2. Use a mandoline or food processor to slice the beets into thin rounds, 1.5-2 millimeters thick.
3. Pour the oil to a depth of 1/4 inch in a wide saute pan or skillet, and set it over medium-high heat to warm for about 5 minutes, until it seems to shimmer. Oil is ready when the edge of a beet dipped briefly into it bubbles quickly and vigorously. Do not allow the oil to smoke. Set up a plate or baking sheet lined with paper towels near the stove on which to drain and season the finished beet chips.
4. Add beet slices to the hot oil one at a time, until the surface of the oil is nearly covered with beets in one layer. Fry the beet slices, turning them as needed to cook evenly. Cooking time will vary depending on a lot of factors - the thickness of your beet slices, the temperature of your oil, the size of your pan, the number of slices you are frying at a time - but generally, it should take somewhere between 4-8 minutes to fry each batch. Watch the beets closely and adjust the temperature as needed to cook them through without browning the red beets (slightly browned golden beets are fine, but the red beets will turn bitter as they brown). Beets are done when they are no longer actively sizzling in the oil.

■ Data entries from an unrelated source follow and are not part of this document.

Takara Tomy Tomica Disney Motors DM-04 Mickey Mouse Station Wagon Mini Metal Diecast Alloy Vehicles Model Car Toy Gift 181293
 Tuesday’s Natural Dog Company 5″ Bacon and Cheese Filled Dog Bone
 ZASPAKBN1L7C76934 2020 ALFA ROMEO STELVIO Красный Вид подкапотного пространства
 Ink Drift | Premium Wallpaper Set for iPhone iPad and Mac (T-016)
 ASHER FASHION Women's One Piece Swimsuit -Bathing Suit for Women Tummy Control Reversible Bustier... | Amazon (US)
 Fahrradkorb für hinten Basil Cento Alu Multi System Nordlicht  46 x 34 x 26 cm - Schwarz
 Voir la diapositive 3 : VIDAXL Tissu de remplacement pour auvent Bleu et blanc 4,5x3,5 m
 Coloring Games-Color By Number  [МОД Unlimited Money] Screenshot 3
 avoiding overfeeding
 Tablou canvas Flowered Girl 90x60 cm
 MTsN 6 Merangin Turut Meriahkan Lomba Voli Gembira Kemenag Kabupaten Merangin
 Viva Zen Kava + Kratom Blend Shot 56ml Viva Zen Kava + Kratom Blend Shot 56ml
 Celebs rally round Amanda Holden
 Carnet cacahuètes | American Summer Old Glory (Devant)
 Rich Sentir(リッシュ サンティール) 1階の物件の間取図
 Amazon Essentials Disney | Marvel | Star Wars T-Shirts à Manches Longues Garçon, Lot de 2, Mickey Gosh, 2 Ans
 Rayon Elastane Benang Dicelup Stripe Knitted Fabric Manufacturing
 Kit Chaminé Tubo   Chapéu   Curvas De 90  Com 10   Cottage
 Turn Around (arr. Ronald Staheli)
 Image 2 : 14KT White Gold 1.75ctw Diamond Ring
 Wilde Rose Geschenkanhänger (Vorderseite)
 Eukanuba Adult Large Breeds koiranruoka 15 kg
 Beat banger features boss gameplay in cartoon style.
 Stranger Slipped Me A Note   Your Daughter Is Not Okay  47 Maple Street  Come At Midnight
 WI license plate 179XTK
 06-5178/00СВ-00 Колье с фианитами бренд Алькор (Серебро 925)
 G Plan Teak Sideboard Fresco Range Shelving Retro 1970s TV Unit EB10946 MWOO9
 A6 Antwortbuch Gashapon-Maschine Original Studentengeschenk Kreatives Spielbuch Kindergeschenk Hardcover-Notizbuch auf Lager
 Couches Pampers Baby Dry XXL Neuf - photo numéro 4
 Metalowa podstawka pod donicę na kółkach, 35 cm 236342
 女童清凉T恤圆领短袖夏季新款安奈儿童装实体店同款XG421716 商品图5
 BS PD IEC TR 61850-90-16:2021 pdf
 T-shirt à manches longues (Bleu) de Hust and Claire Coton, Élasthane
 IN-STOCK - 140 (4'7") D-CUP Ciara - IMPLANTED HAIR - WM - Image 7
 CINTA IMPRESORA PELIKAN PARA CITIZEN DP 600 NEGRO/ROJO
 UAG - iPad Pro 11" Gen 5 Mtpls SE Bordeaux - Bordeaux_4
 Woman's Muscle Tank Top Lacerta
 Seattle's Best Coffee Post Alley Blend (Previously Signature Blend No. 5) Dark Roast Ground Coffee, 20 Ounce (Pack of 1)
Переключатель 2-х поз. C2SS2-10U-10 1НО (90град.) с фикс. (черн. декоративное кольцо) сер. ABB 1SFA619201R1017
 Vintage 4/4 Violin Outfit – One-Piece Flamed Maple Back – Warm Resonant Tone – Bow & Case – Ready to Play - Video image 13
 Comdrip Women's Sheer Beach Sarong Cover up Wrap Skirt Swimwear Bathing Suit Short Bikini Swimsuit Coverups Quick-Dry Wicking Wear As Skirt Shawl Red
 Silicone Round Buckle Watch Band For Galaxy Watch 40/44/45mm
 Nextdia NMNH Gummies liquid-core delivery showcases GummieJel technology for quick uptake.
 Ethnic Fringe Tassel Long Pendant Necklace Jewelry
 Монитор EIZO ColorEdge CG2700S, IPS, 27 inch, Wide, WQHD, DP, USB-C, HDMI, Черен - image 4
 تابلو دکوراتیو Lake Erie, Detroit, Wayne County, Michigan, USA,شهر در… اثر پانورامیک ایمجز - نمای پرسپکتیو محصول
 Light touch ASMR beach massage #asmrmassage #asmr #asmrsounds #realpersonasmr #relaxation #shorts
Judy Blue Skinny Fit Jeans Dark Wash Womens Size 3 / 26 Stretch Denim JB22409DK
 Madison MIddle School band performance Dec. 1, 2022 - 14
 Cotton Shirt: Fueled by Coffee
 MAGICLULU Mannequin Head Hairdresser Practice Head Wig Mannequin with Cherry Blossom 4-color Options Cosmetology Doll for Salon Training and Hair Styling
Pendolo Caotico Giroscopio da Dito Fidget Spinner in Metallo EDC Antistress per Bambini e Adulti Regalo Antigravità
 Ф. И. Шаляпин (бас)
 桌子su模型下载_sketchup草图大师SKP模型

5. As the beet chips are finished, use tongs or a slotted spoon to remove them from the oil and lay them on the paper towels. Sprinkle the chips with a little of the curry powder mixture while they are still hot. Fry the rest of the beet slices in batches, sprinkling each batch with the curry powder mixture while hot, until all the beet chips have been fried.
Notes:
Please promise me something: after you've gone to all the trouble of frying your own beet chips, please please please serve them with Creamy Goat Cheese Dip! It's the pairing for these chips, and super simple: just 4 ingredients!